The reasons for which are numerous and complex.
Although 2018 still has a few months to go, the sales results from the third-quarter of the year are in and, as it turns out, BMW actually lost money. According to its own Q3 report and an analysis by Reuters, the German automaker reported a 27 percent drop in operating profit to $2 billion due to currency effects, higher raw material prices, higher research and development costs, and trade tensions between the US and China. Oh, and there's also a price war going on in Europe.
Interestingly, BMW reported a slight increase in overall vehicle deliveries for the period of July through September. However, overall operating return dropped from 8.6 percent to 4.4 percent, which was below BMW's targeted range of 8 to 10 percent.
"Along with the rest of the industry, we are increasingly confronted with adverse external factors, the negative impact of which cannot be fully offset," said Chief Financial Officer Nicolas Peter. BMW hopes to save money by bringing down some costs in order to better help offset spending on upcoming vehicle launches, specifically EVs. As for that price war in Europe, the cause can be pinpointed to new emissions testing rules. BMW also had to set aside funds to finance recalls of fire-prone vehicles, including the 5 Series diesel, and other warranty claims.
And then there are the trade tensions between the US and China. Tariffs are having an effect and BMW, like all other automakers, doesn't expect this disagreement to be solved in the near future. An increase in raw material prices also didn't help matters.
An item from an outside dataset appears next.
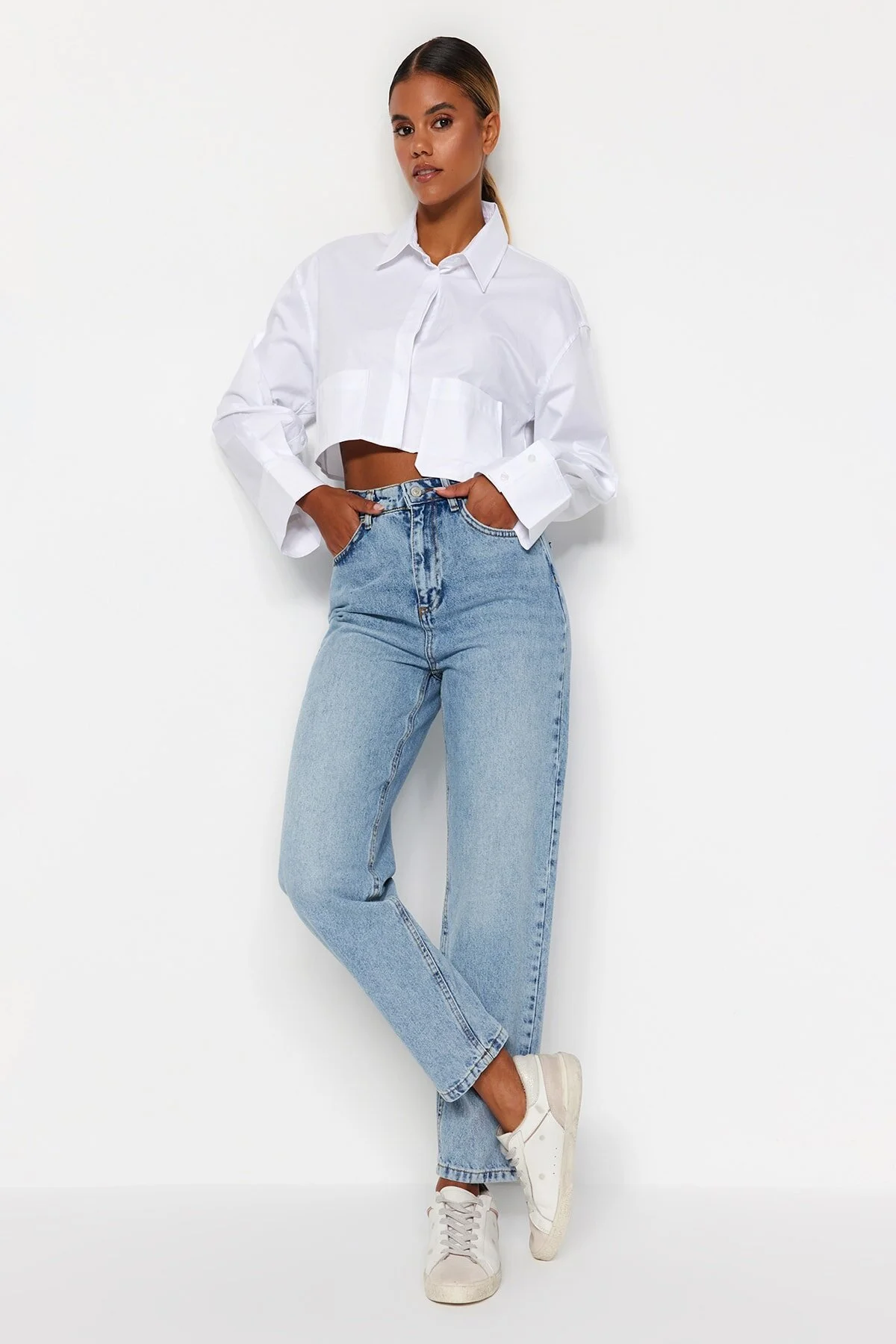 Trendyol Collection  Hellblaue Mom-Jeans mit hoher Taille TWOAW24JE00076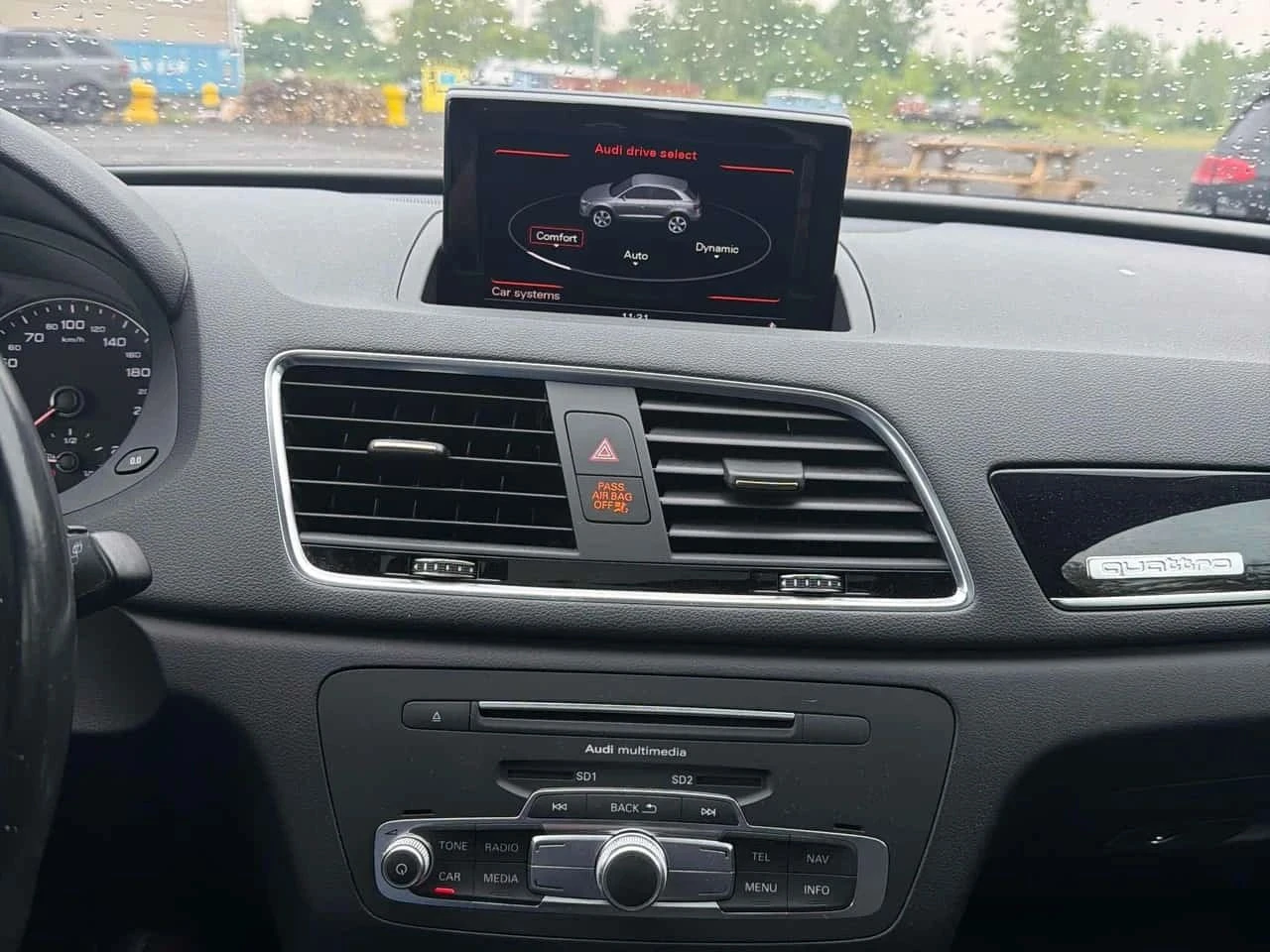 Audi Q3, снимка 9 - Автомобили и джипове - 56687606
"Compared with 2017, additional upfront expenditure of around 1 billion euros for the mobility of the future and a high three-digit million euro negative impact from exchange-rate and raw materials price developments had been factored into expected earnings for the year," BMW said.
One of the key raw materials automakers need these days is cobalt. BMW plans to buy more of it and then make it available to battery cell suppliers in order to secure its own supply of batteries for its upcoming EVs. Like any automaker, BMW wants to end the year on a high note by actually making money, and the clock is ticking fast to ensure that happens.